§ **PROBLEM REQUIREMENTS**
Reproduce, exactly and in full, the lines from the one with "Taman Sari Bali" through the one with "2019 anssems aanhangwagen" in the data below; drop pictures.

§ **DATA FOR ANALYSIS**
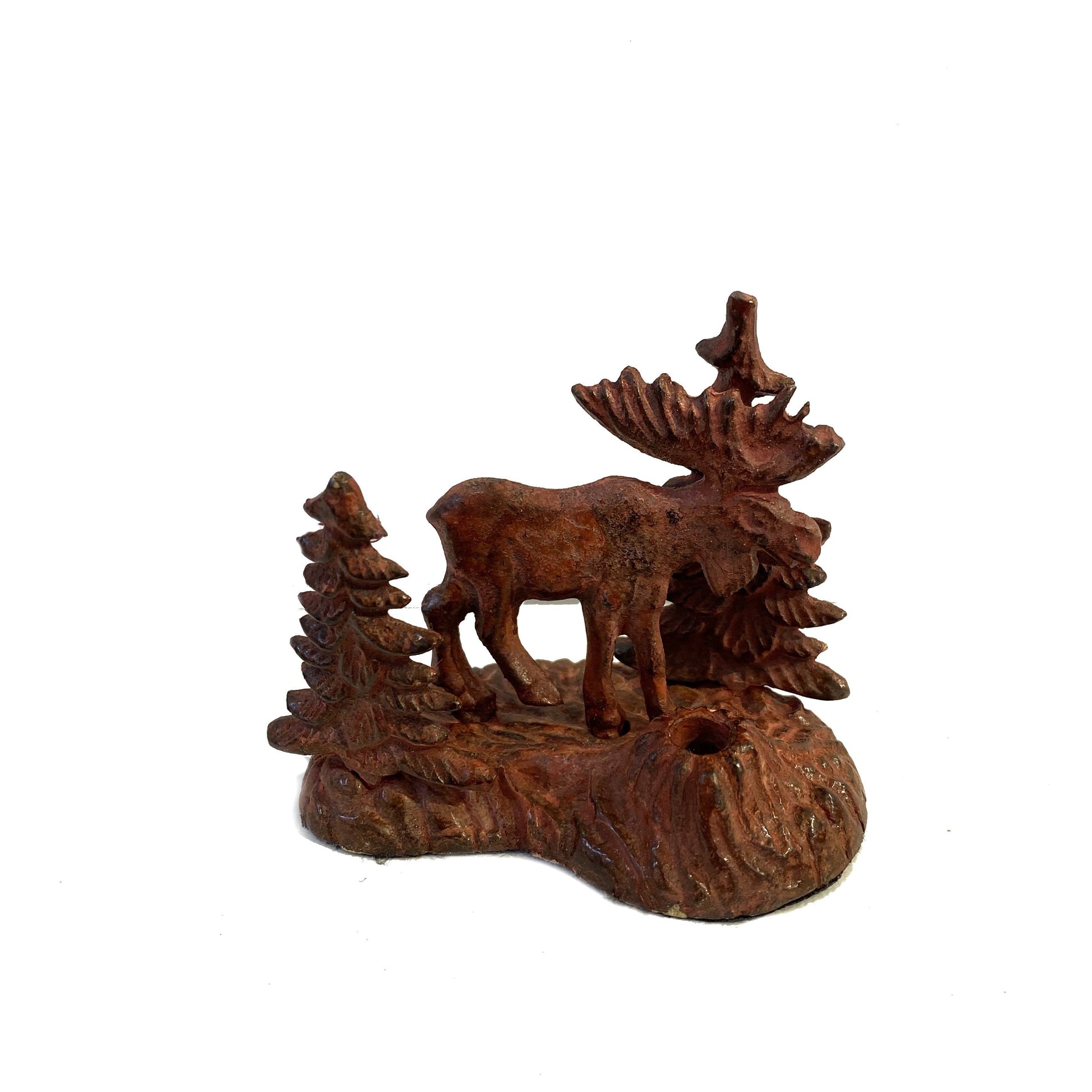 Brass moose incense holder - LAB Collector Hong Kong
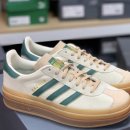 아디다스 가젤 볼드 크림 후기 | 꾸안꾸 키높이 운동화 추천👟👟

* * *

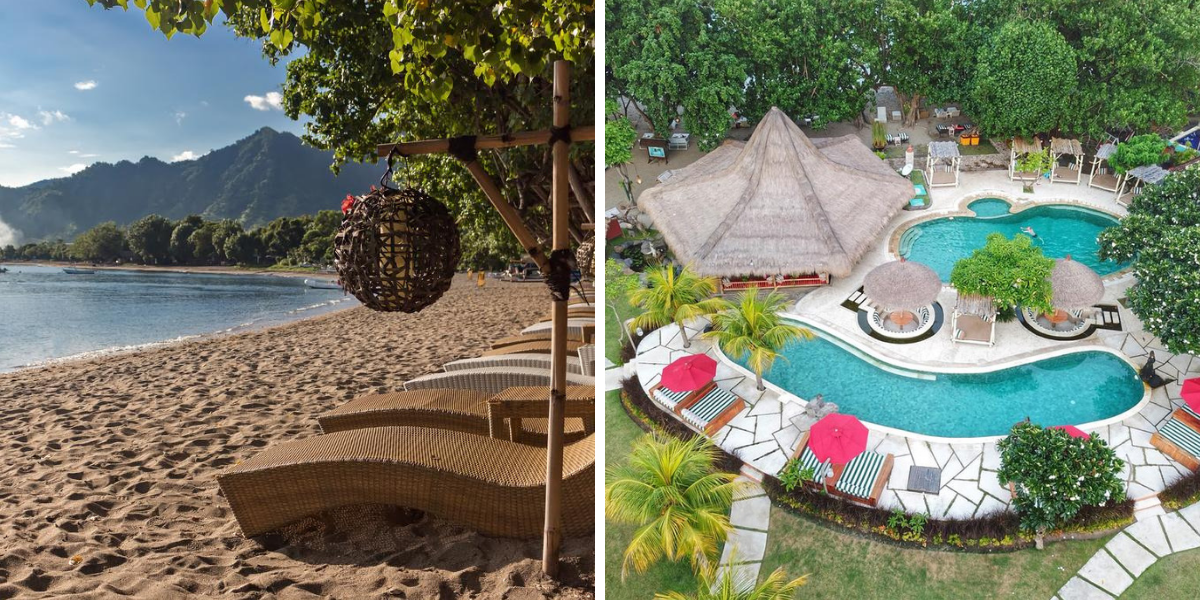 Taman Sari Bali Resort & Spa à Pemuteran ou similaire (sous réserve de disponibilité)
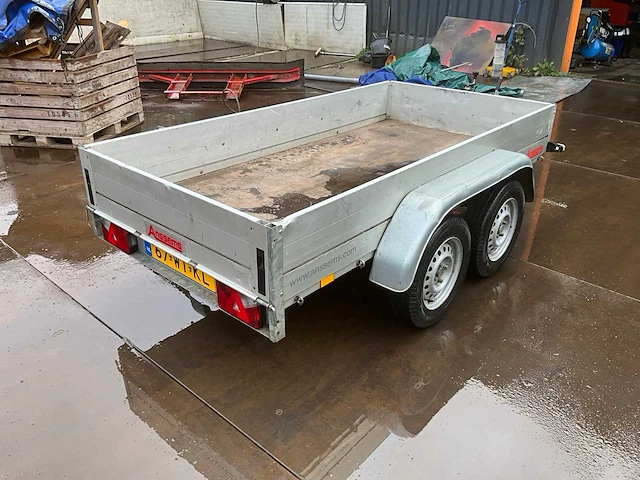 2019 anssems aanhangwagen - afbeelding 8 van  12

--

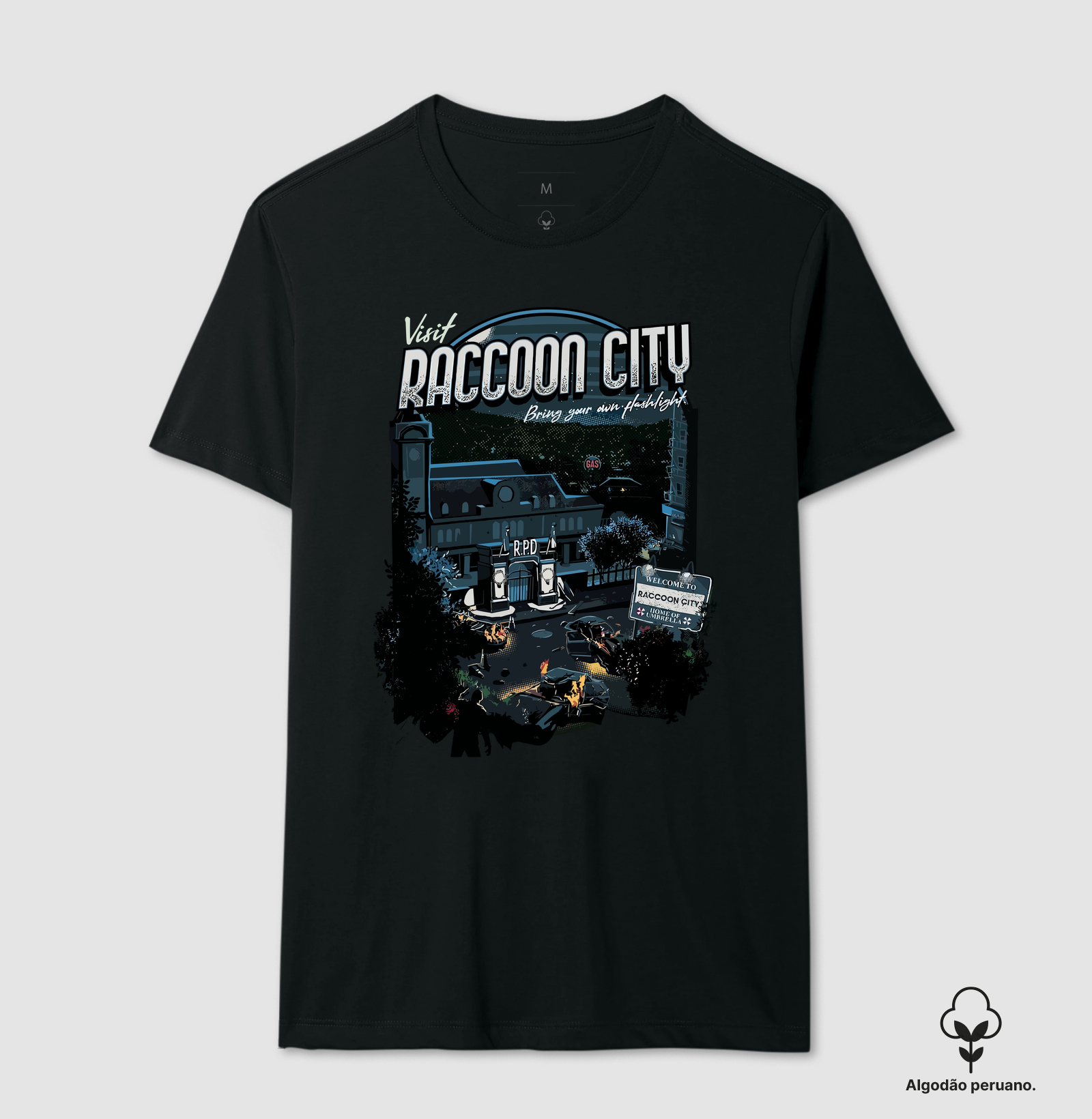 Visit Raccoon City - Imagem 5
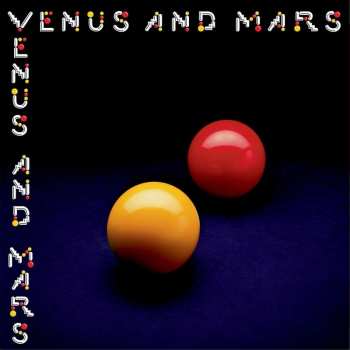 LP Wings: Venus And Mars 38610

§ **RESPONSE TO THIS TASK**
 Taman Sari Bali Resort & Spa à Pemuteran ou similaire (sous réserve de disponibilité)
 2019 anssems aanhangwagen - afbeelding 8 van  12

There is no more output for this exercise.